The access to scientific knowledge, whether general or factual, must necessarily involve a visual, auditory or other presentation that appeals to one or more senses of the human being. If we are interested in the visual presentation of knowledge, we notice that the natural written language occupies a predominant place in it but that other graphic forms (notations, mathematical and chemical formulas, diagrams, tables, forms, hypertexts, etc.) play an important role in facilitating the performance of various intellectual tasks (calculation, comparison, deduction, etc.).
The general framework in which our work is carried out is the study of techniques for visualizing scientific knowledge and in particular their formal specification with the purpose of building visualization tools that are adapted to the tasks of the scientific user. Indeed, experience shows that there is not an optimal visualization technique but that the effectiveness of each technique depends on the context and objectives of the user (see, for example [Card1999]).
To formally represent the notion of visualization technique it is necessary, according to the reference model proposed by [Chi2000], To formally represent the notion of visualization technique, it is necessary to define an abstract model of the data to be visualized, an abstract model of the visual objects and an application of the data model in the abstract visual model. In the case of the visualization of scientific knowledge, it is therefore necessary to create an abstract model of the scientific knowledge to be visualized. Our goal is to provide a formalization of visualization that applies to any science, so we decided to build an ontology of the knowledge structuring objects used in the various sciences. Such an ontology will make it possible to model the knowledge to be visualized in the form of instances of the classes of this ontology, according to the diagram in figure 1.
If sciences vary according to their objects of study (differentiable functions, butterflies, human societies, elementary particles,…), they also have their own concepts to structure the knowledge produced. Mathematics produces theorems, corollaries, lemmas, conjectures, proofs, whereas physics speaks about laws, principles, measures, experimental results or anthropology produces observations, theories, explanatory hypotheses, methods. In addition, each science has developed a set of formalisms (i.e. linguistic constructs) to express and process this knowledge: chemical formulae and equations, mathematical formulae, flow diagrams, interaction diagrams, syntactic trees, etc. and a set of knowledge production techniques: experimentation, formal reasoning, surveys, observations, etc. However, it can be seen that the vocabulary for classifying scientific knowledge objects is limited and that several terms often cover similar concepts. Therefore, we can think of building a central ontology composed of a small number of classes of scientific objects. The knowledge to be visualized can then be represented as instances of these classes.

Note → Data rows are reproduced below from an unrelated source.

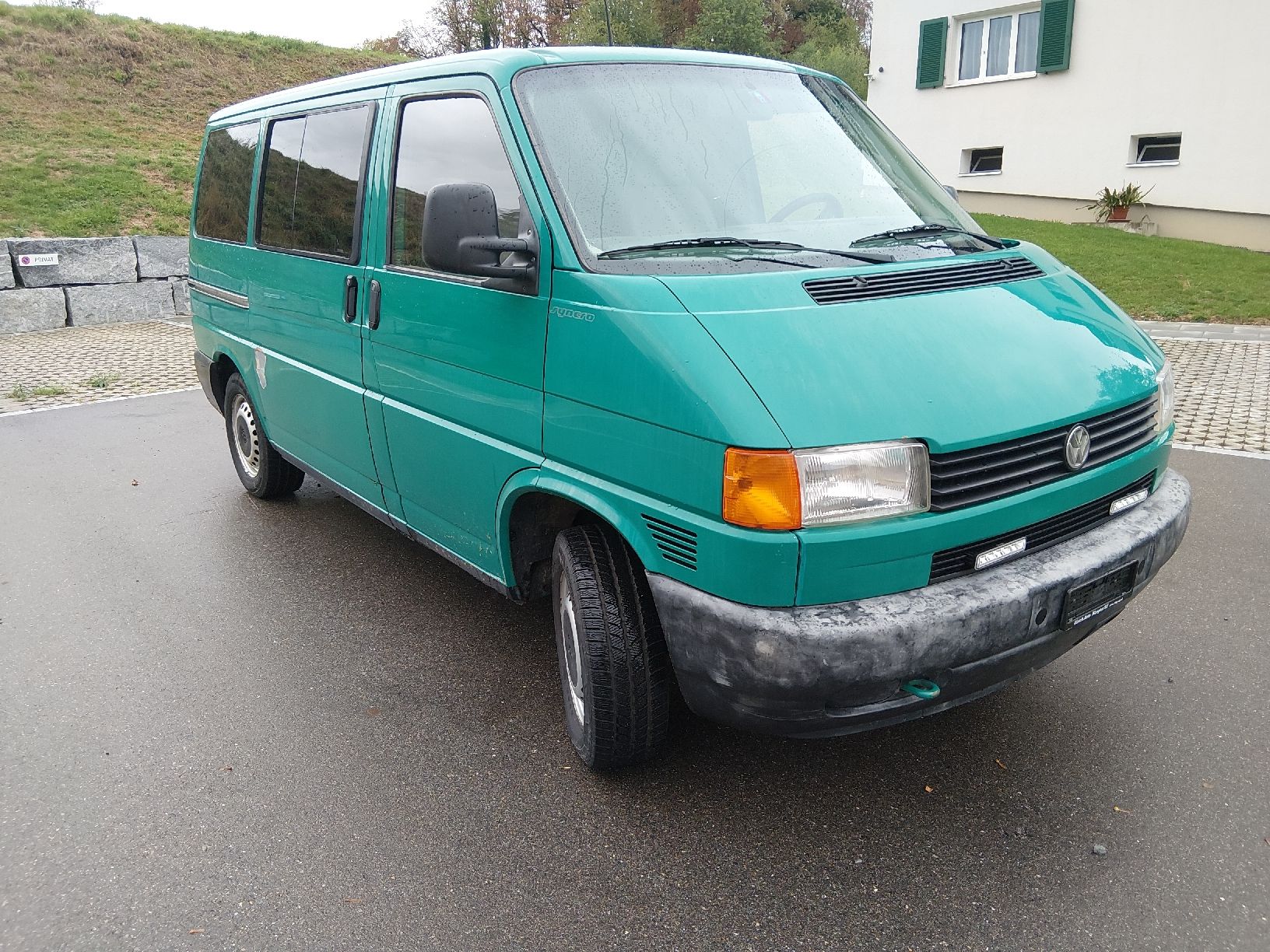 VW Automobili: VW T4 Syncro Swiss Profi mit Differenzialsperre – Usato da Wald ZH venduto da Beobachtungswagen 1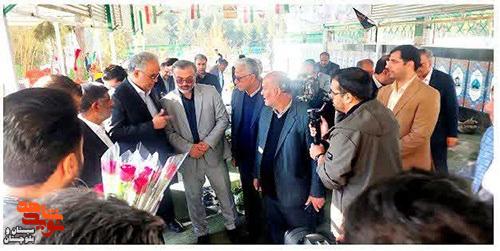 غبارروبی و تعویض پرچم گلزار شهدای زاهدان با حضور استاندار به مناسبت ۱۲ بهمن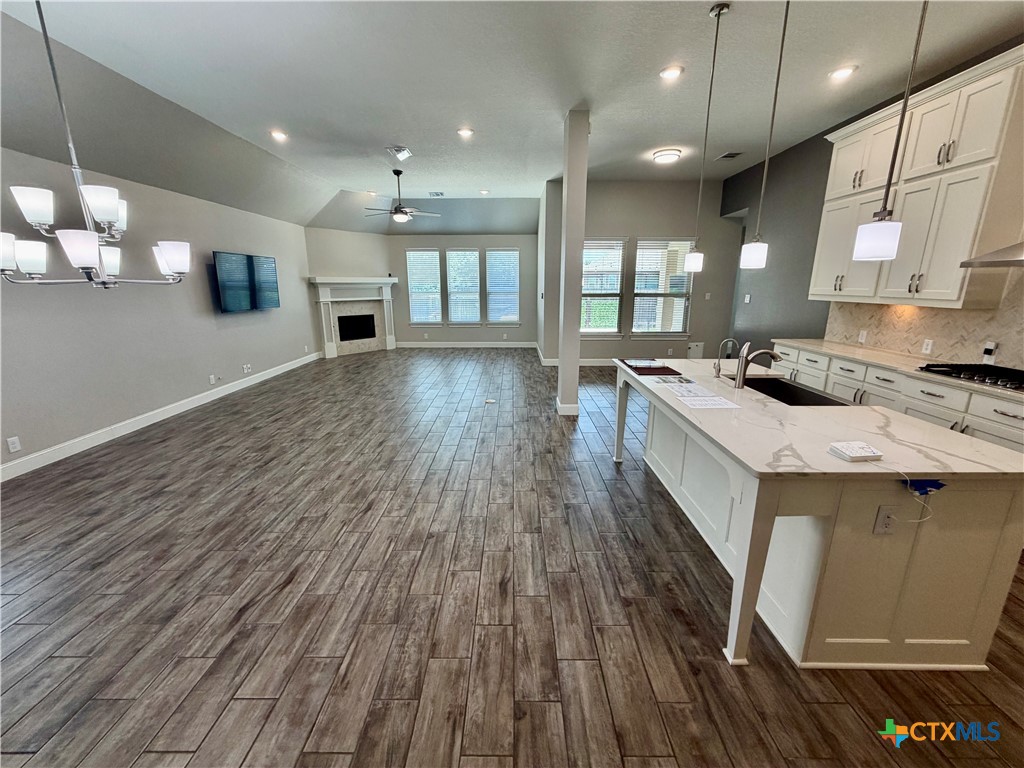 1404 Pioneer Drive Property Photo 4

In the rest of this article we will begin by examining the work that focuses on the representation of scientific knowledge and those that, while somewhat related, can provide important elements. We will then present the method used to create a first version of the SKOO ontology of scientific knowledge objects and the ontology obtained. We will then present the first evaluations we have carried out. In the conclusion we will give perspectives on the practical use of this ontology and on the continuation of the evaluation and development of the ontology.
2 State of the art
To our knowledge, there is currently no ontology whose field is the conceptualization of objects used to represent or structure scientific knowledge in general. It should also be noted that works on the epistemology of science do not generally address this general ontological question but deal either with a particular science or a particular aspect of science. On the other hand, this ontological work was carried out in knowledge engineering for some specific fields.
The OMDoc ontology core presented in ([lange2013ontologies]) presents a model of mathematical knowledge in the form of knowledge items that are types of mathematical objects, theories or statements, which can be of the Assertion, Proof, Definition, Axion, etc. type. In addition, there are relationships between these types of elements, such as the Proof-Assertion proves relationship. Although this ontology is dedicated to mathematics, it can easily be extended to other sciences.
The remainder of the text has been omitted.